I calculated the amount of nitric acid to dissolve the amount of silver I was working with (130.7 grams silver). I got several responses about how much acid to use: from 1.2 ml nitric acid per gram of silver to 1.4 ml nitric acid per gram of silver. So I interpolated and used 1.3 ml of nitric acid per gram of silver. So 130.7grams X 1.3ml Nitric = 169.991 or 170 ml nitric acid.

I used a 50/50 mix of water and nitric acid - thanks to a kind input from another member of this forum. Pure nitric acid will work but less efficiently.

First, I measured out 170 ml distilled water and added it to the silver in the coffee pot.

I set the coffee pot with the silver and water in it inside the black tub I got from Lowes next to the hot plate.

Next I put on thick rubber gloves that go all the way to my arm pits protecting my arms, a respirator, and chemical splash goggles (DON"T SKIP THIS STEP).

Then I carefully poured 170 ml Nitric Acid (68% technical grade bought from AtrChemicals.com) into a 250 ml beaker.

I slowly poured the acid into the water-silver mixture that was in the coffee pot then stood back.

The mixture began to react right away billowing red fume.

After about 5 minutes the reaction had slowed a little so I put the blend onto the hot plate set on low. The heat kicked the reaction up a nothch.

In about 10 minutes the reaction had stopped and all but a few tiny pieces were left on the bottom of the coffee pot along with a blue solution with junk floating on top. I should have waited and let the pieces on the bottom completely dissolve, but instead I went to the next step.

I took the coffee pot off the hot plate and set it inside the black tub next to the hot plate. 

I removed the hot plate from the black tub so only the coffee pot was in there.

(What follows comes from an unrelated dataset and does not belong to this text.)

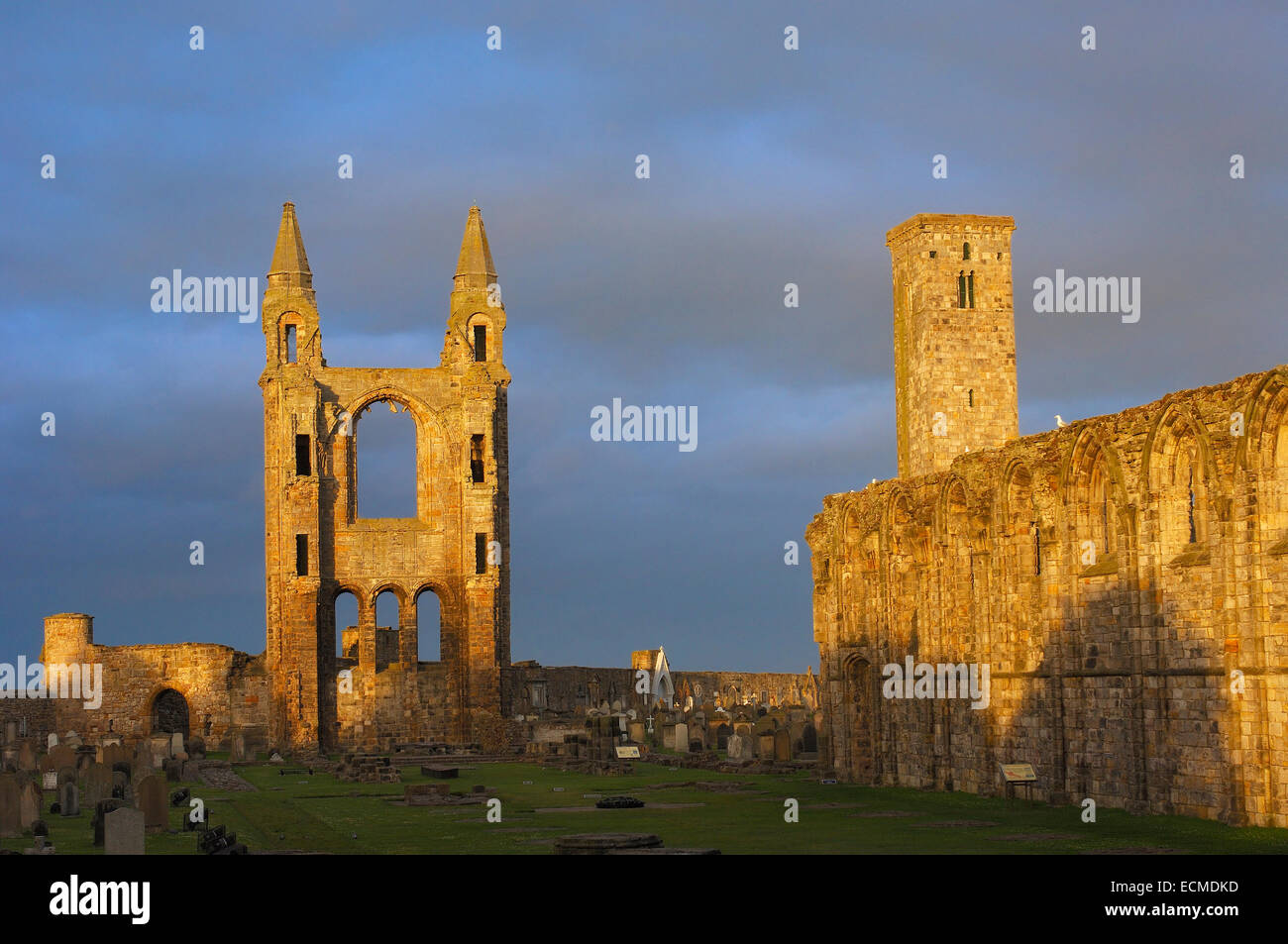 Ruins of St. Rule's church and cathedral at sunset, St. Andrews, Fife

Next i measured out 11 grams of urea to neutralize some of the remaining nitric acid (I gave a best guess estimate on this amount) . I do not know if this step is necessary, But I know that too much acid in the brew at this point is not good because when we add the copper coil later on to cememnt out the silver, if too much acid is present, the solution will begin to issue red fumes as it dissolves the copper. 

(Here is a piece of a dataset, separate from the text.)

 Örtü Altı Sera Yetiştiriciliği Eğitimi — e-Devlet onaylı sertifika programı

These fumes are not to be taken lightly in any way, They are dangerous and harmful if you breath them. If you breath even a tiny amount you will get sick later on.

I then poured in 340 ml distilled water to dilute the silver nitrate even further. There was already 340 ml of water and acid in the coffee pot. So I increased the amount to 680 ml by adding 340 ml distilled water.

Cooled since adding 340 ml distilled water, I ran the blue solution through a filter flask with a vacuum assist to filter out the trash that was left over from the reaction. There was just under 700 ml of a particle free, pastel blue semi cloudy liquid in the flask. I poured this liquid into a 1000 ml beaker.

I had some old copper wire about 6 foot of 10 gauge copper. I used a broom handle to form a nice coil of copper and bent each end to forms hooks on either end.

I then submerged the copper coil in the liquid and immediately silver began to form on the coil. I would shake the silver off the coil from time to time. I got about 300 ml of fine silver metal on the bottom of the beaker.

After about an hour, the silver quit forming on the coil, so I removed the coil and saved it for later.

I went back to my filtration setup and filtered the silver from the solution. The solution was now crystal clear and deep blue. I poured the filtered liquid into a 2000 ml flask for later processing.

I then took the filter funnel and dumped the silver metal into a white corningware casserole dish and placed it on a hot plate to dry the silver powder.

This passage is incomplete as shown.